Александр Ярославич знал: состояние русских земель было самое плачевное. Летописцы так писали об этом:
«Батый как лютый зверь пожирал целые области, терзая когтями остатки. Храбрейшие князья российские пали в битвах; другие скитались в землях чуждых; искали заступников между неверными и не находили; славились прежде богатством и всего лишились. Матери плакали о детях, пред их глазами растоптанных конями татарскими, а девы о своей невинности: сколь многие из них, желая спасти оную, бросались на острый нож или в глубокие реки! Жены боярские, не знавшие трудов, всегда украшенные златыми монистами и одеждою шелковою, всегда окруженные толпою слуг, сделались рабами варваров: носили воду для их жен, мололи жерновом и белые руки свои опаляли над очагом, готовя пищу неверным… Живые завидовали спокойствию мертвых».

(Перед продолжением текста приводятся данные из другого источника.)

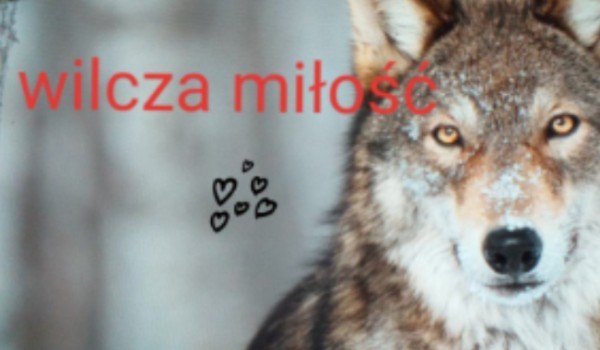 Wilcza miłość #1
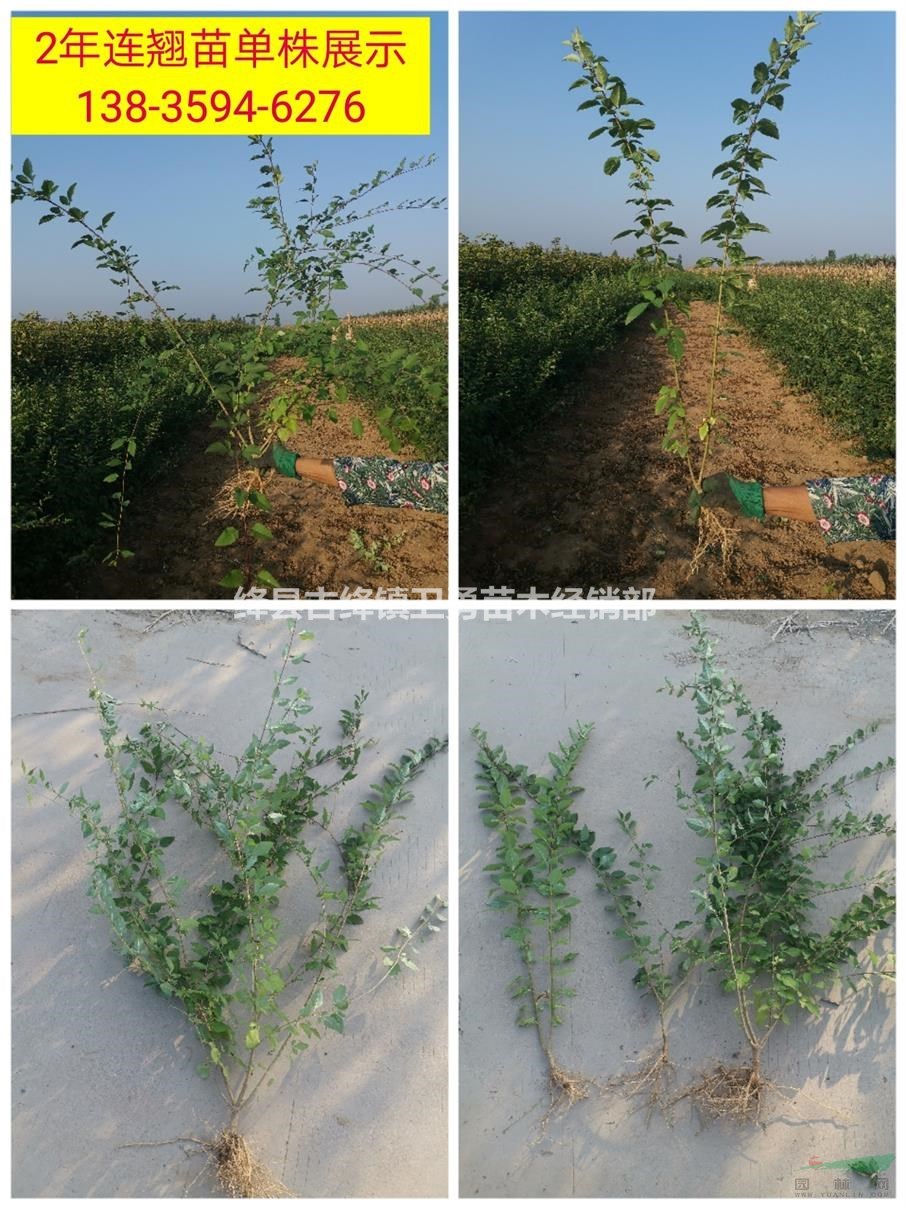 连翘苗种植几年结果+连翘树苗单株产量+连翘苗价格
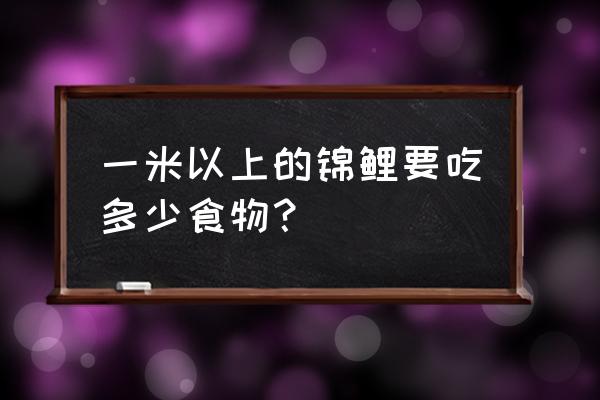 大只的锦鲤吃什么食物最好 一米以上的锦鲤要吃多少食物？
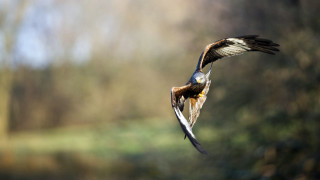 Bird flying air wings spread 3 - wing free wallpaper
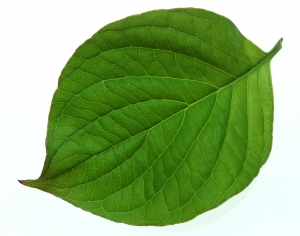 ModernPlant Leaves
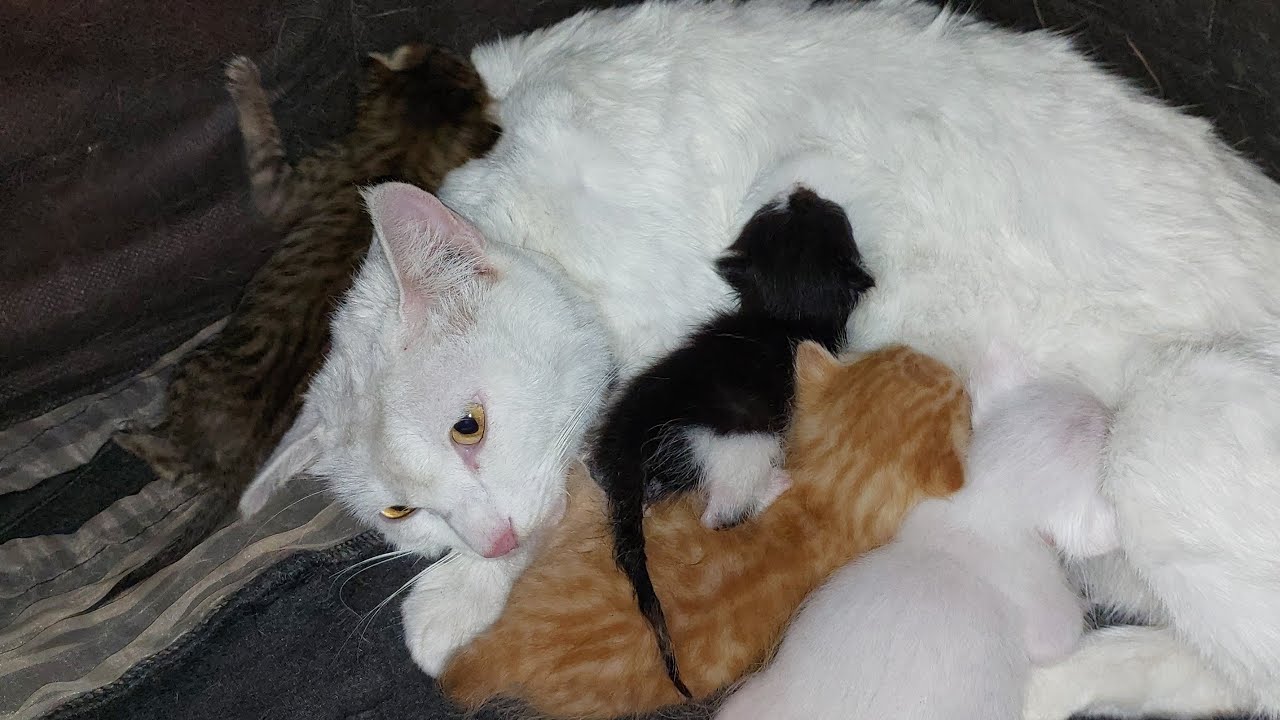 3 Orphan Kittens Accepted By Stanger Cat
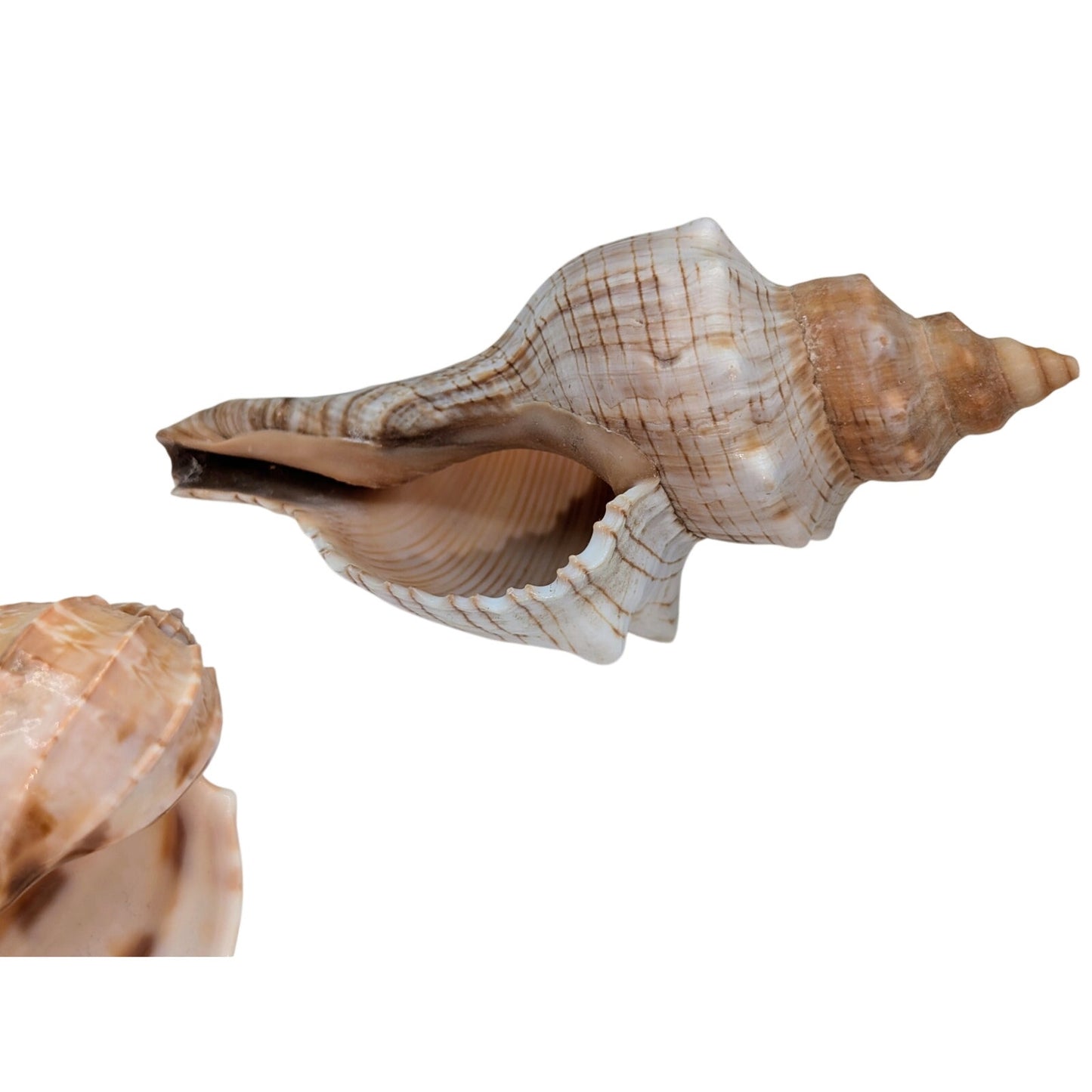 Fox & Harpa Davidis Sea Shell Coastal Decor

«Да,- раздумывал князь Александр,- один Новгород остался цел и невредим. Но и его надо спасать». Александр Ярославич знал хорошо и о том, что «сила Батыева несравненно превосходила нашу и была единственною причиною его успехов, ибо сей завоеватель беспрестанно умножал рать свою, присоединяя к ней побеждённых. Ещё Европа не ведала искусства огнестрельного, и неравенство в числе воинов было тем решительнее». К тому же татары «любили войну для добычи; перевозили на волах свои кибитки и семейства, жён, детей, везде находили отечество, где могло пастися их стадо… Видя неприятеля, бесчисленные толпы сих варваров, как волны, стремились одна за другой, чтобы со всех сторон окружить его, и пускали тучу стрел, но удалялись от ручной схватки, жалея своих людей и стараясь убивать противника издали. Ханы и главные начальники не вступали в бой: стоя назади, разными маяками давали повеления и не стыдились иногда общего бегства; но смертию наказывали того, кто бежал один и ранее других. Стрелы моголов были весьма остры и велики, сабли длинные, копья с крюками, щиты ивовые или сплетённые из прутьев».

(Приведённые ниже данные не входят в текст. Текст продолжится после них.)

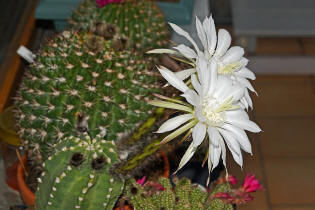 Echinopsis subdenudata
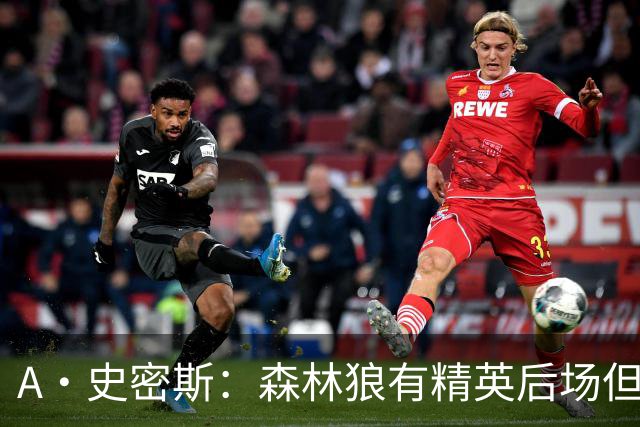 A·史密斯：森林狼有精英后场但体型变小 难应对雷霆马刺火箭掘金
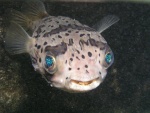 A porky puffer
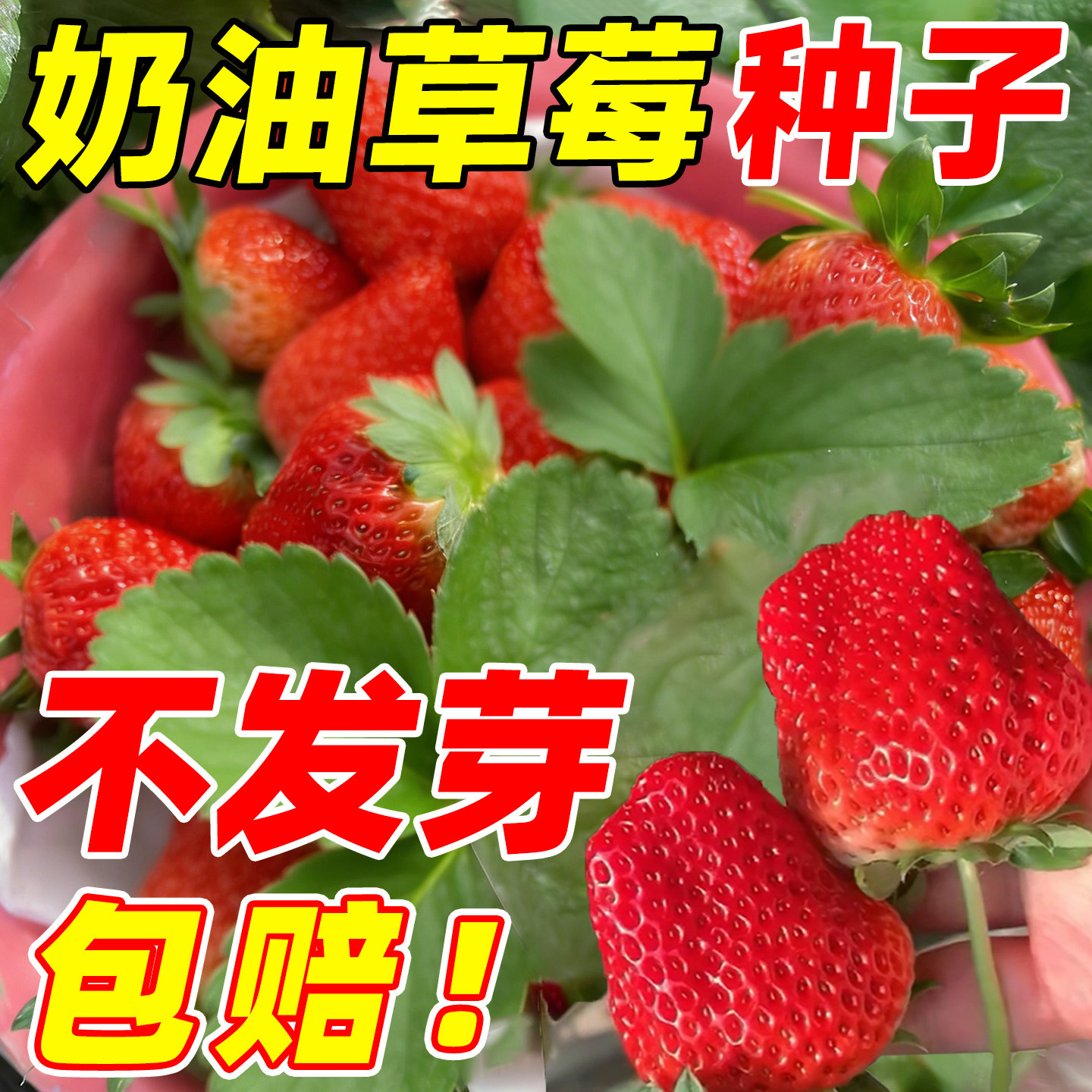 草莓种籽子奶油草莓丹东99草莓种籽蔬菜大全种孑四季易活结果种籽,鲜花速递/花卉仿真/绿植园艺,家庭园艺种子,淘宝优惠券,粉丝福利购,淘宝优惠卷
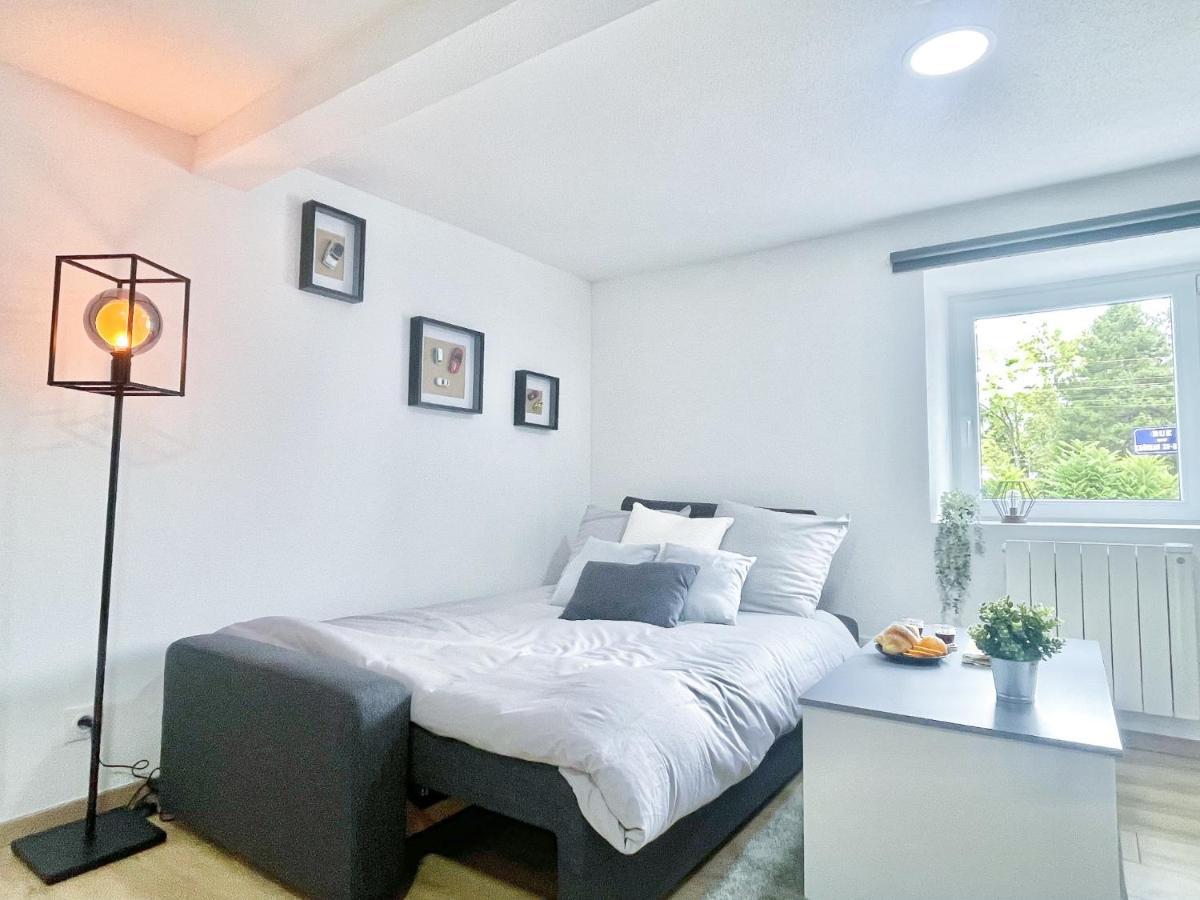 Ambiance Automobile, 100M2, Haut De Gamme Mulhouse Luaran gambar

«Александр любил Отечество более своей княжеской чести: не хотел гордым отказом подвергнуть оное новым бедствиям и, презирая личную опасность не менее тщеславия, вслед за братом Андреем поехал в стан монгольский…». Ему предстояло сделать выбор, с кем идти: с Сараем или с Каракорумом, ведь ханша Огул-Гамиш не ладила с Батыем.
Ехать было не близко: по прямой от Владимира до Сарая почти восемьсот вёрст. Да от Сарая до Каракорума — почти три тысячи вёрст. Когда доедешь! Собирались основательно: брали летнюю и зимнюю одежду, запасы продуктов и много денег, мехов и драгоценностей — подарки хану, его жёнам (только у хана Батыя их было не то двадцать шесть, не то двадцать восемь) и всему ханскому окружению. Без подарков, как говорил путешественник Плано Карпини, «посол не мог исполнить своих дел», мало того, в Орде «он не ценился ни во что».
Выехали зимой на санях. Для поездки купили татарских лошадей, на вид маленьких, неказистых, но умели они добыть себе пропитание из-под снега, ведь никаких запасов сена, соломы или другого корма у татар не было. Народу собралось много: ехали воеводы, бояре, толмачи — переводчики с татарского, латинского, арабского, греческого. Ехали с князем и духовники, ведь в пути придётся встретить Пасху, Рождество и другие праздники. Было с кем побеседовать, было кому грехи отпустить.
Долгий путь в Сарай лежал по берегу Волги. Приволжские степи чаще пусты и безлюдны. Грустная картина представала перед путешественниками: ни села, ни города, а зверей множество. В бывших половецких станах попадались только каменные бабы-истуканы с толстыми животами и сложенными под животом руками, то стоящие, то сидящие. Повсюду виднелись едва заметённые снегом черепа и кости погибших. Никто не ведал, чьи кости нашли здесь упокоение: может, пал здесь от татарской руки воин-половчанин, а может, погиб на пути «в полон» и свой брат-славянин.
Особенно неуютно в степи зимой. Разгуляются вдруг сильные снежные бури: ветер снимает верхний слой земли и несёт его со снегом прямо в лицо путникам, заливая его грязными, холодными потоками. Ранней весной степь расцветает: сочно зеленеет трава, пестреют дикие цветы-тюльпаны, жёлтые, красные, невиданные в русских землях, цветёт густо-фиолетовый дикий лук, синеет дельфиниум. Звенят над степью птичьи голоса — это заливаются в голубой вышине жаворонки. Всё радует глаз, волнует душу.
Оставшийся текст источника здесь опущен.